# Latest On Local Travel Within The Philippines



## Hey_Joe (Sep 13, 2016)

Travelers no longer required to undergo Covid-19 test, quarantine

February 27, 2021

SOURCE: Travelers no longer required to undergo Covid-19 test, quarantine


----------



## bigpearl (Jan 24, 2016)

Cheers as always Joe and slack yes I didn't read the link, no real need. OMO but who would bother to come or go with an average of 2,000 new infections a day here, safer in many other countries for travel.

Cheers, Steve.


----------



## Hey_Joe (Sep 13, 2016)

IATF 100
February 26, 2021

Testing shall not be mandatory for traveler except if the LGU of destination (province with respect to their municipalities and component cities, and highly urbanized cities [HUCs] and independent componentcities [ICCs]) will require testing as a requirement prior to travel, and suchshall be limited to RT-PCR; and2.No traveler shall be required to undergo quarantine unless they exhibitsymptoms upon arrival at the LGU of destination 

Travel Authority issued by Joint Task Force COVID Shield and health certificates shall no longer be required; 

SOURCE: https://pcoo.gov.ph/wp-content/uploads/2021/02/20210226-IATF-RESO-101-RRD.pdf


----------



## Lunkan (Aug 28, 2020)

Hey_Joe said:


> Travelers no longer required to undergo Covid-19 test, quarantine
> February 27, 2021
> SOURCE: Travelers no longer required to undergo Covid-19 test, quarantine


Interesting. Good if not need to do more than one quarataine.

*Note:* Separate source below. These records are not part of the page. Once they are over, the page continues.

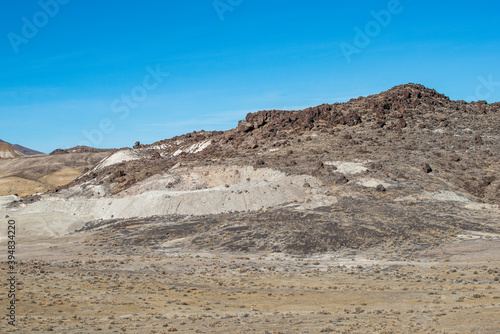 Tailings from a black fire opal mine in the Virgin Valley of Sheldon National Wildlife Refuge, Washoe County, Nevada.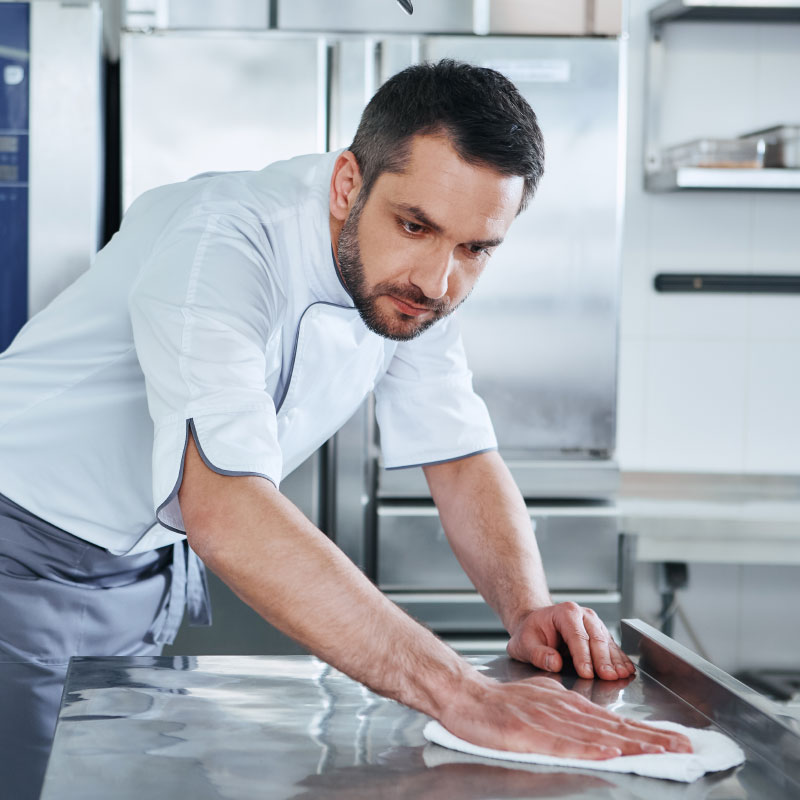 Man cleaning countertop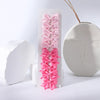 Pink satin ribbon bow hair clips displayed vertically against a white background.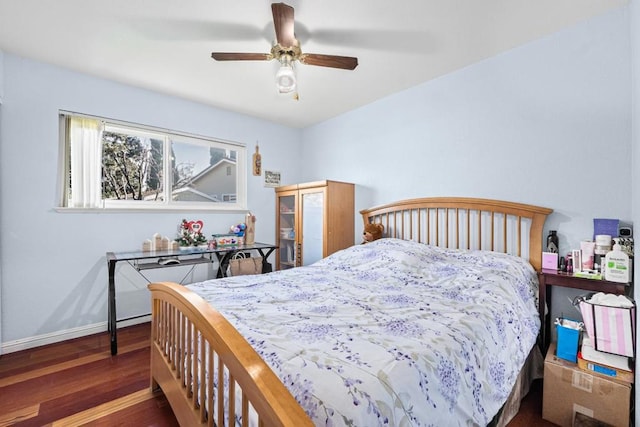 bedroom featuring ceiling fan and dark hardwood / wood-style flooring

Within Palawan it has been free to travel without quarantaine, but a week ago some municipalies announced they will ADD quarantaine for people come traveling from Puerto Princesa. My business partner was in PPC then but skiped some of the less urgent at the "To do list" to get home before the change got implemented.


----------



## Gary D (Oct 28, 2013)

It looks like it's up to the LGUs to decide so no change there then.


----------



## M.C.A. (Feb 24, 2013)

Gary D said:


> It looks like it's up to the LGUs to decide so no change there then.

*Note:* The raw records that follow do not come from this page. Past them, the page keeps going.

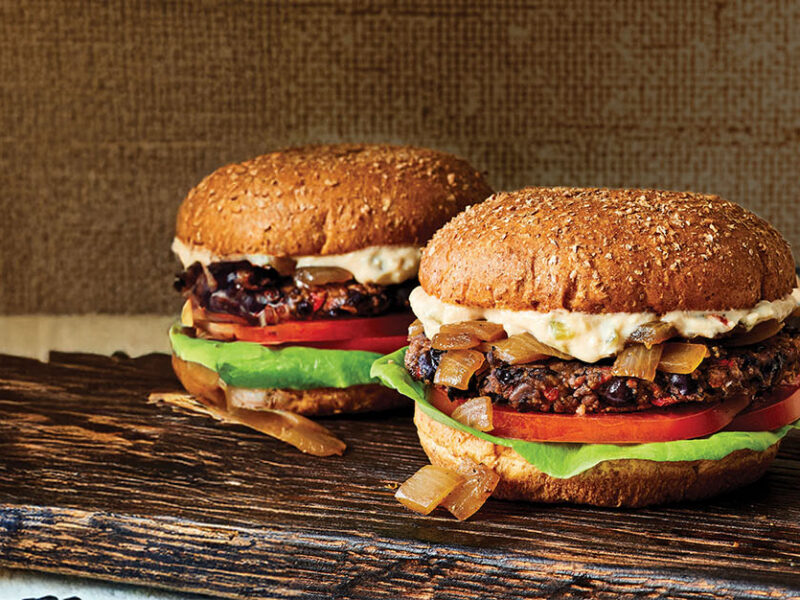 Two Black Bean Smash Burgers with Caramelized Onions on a wooden chopped board with an onion to the left of the board and a small bowl of sauce to the right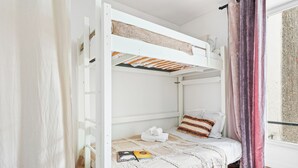 A bunk bed room with a window, curtains, and a view of the outside. - Studio Near Eiffel & Musée d'Orsay (Paris)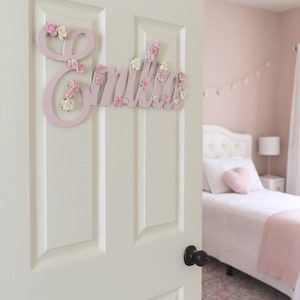 May include: A light pink wooden name sign, "Emilia", is mounted on a white door. The letters are decorated with small pink and white floral accents. The bedroom in the background has a pink colour scheme.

So here's the two paragraphs in the IATF updated message Resolution 101

B. On Testing and Quarantine: 1. Testing shall not be mandatory for traveler except if the LGU of destination (province with respect to their municipalities and component cities, and highly urbanized cities [HUCs] and independent component cities [ICCs]) will require testing as a requirement prior to travel, and such shall be limited to RT-PCR; and 2. No traveler shall be required to undergo quarantine unless they exhibit symptoms upon arrival at the LGU of destination;

*-Okay so this test would only apply to the area or LGU in the area you live or travel from*.

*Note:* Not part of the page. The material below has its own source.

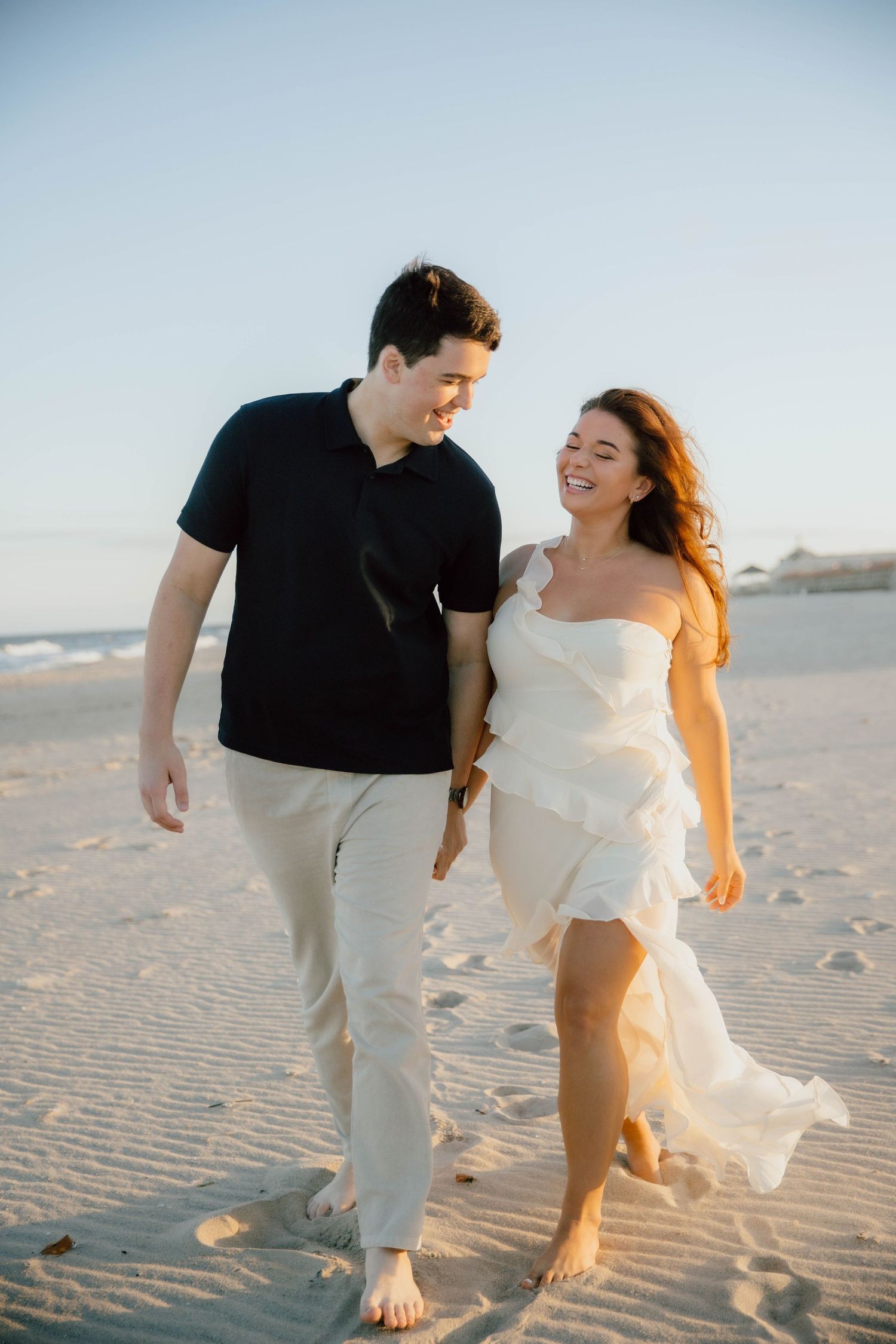 Smiling couple strolling barefoot on a sandy beach at golden hour, woman in white dress.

C. On Documentary Requirements: 1. Travel Authority issued by Joint Task Force COVID Shield and health certificates shall no longer be required; 2. Authorized Persons Outside of Residence (APORs) from national government agencies and their attached agencies must provide their identification card, travel order, and travel itinerary, and must pass symptom-screening at ports of entry and exit pursuant to IATF Resolution No. 98-A issued on February 4, 2021.

*-So does anyone know if this is saying, no more Municipality travel pass? and for sure it says no more Health Certificate that's a little bit of a relief. I'll find out Monday what the requirements are in our area.*


----------



## cvgtpc1 (Jul 28, 2012)

I want to know if a Balikbayan can arrive and travel straight to the province like pre-covid, unless the town has a quarantine.


----------



## Gary D (Oct 28, 2013)

cvgtpc1 said:


> I want to know if a Balikbayan can arrive and travel straight to the province like pre-covid, unless the town has a quarantine.


No you still have to quarantine until tested when you land. These changes are to encourage more local tourism.


----------



## Lunkan (Aug 28, 2020)

M.C.A. said:


> -Okay so this test would only apply to the area or LGU in the area you live or travel* from*.


 Don't you mean LGU in the area you travel* TO`? *
At Palawan some of the municipalies announced they will want qurantaine when coming* from* Puerto Princesa *to* their municipaly, but that was close before the government changed policy, so I don't know if these municipalies have added quarantaine. Them I saw wanting it are NOT municipalies with tourism as big part though.


----------



## Tukaram (Dec 18, 2014)

> Testing shall not be mandatory for traveler except if the LGU of destination will require testing as a requirement prior to travel,


As long as they leave it up to the LGU - nothing is really changing. They need to get LGU control out of it. Currently Bacolod accepts saliva test, Boracay requires swab test, there is no consistency.


----------



## M.C.A. (Feb 24, 2013)

Lunkan said:


> Don't you mean LGU in the area you travel* TO`? *
> At Palawan some of the municipalies announced they will want qurantaine when coming* from* Puerto Princesa *to* their municipaly, but that was close before the government changed policy, so I don't know if these municipalies have added quarantaine. Them I saw wanting it are NOT municipalies with tourism as big part though.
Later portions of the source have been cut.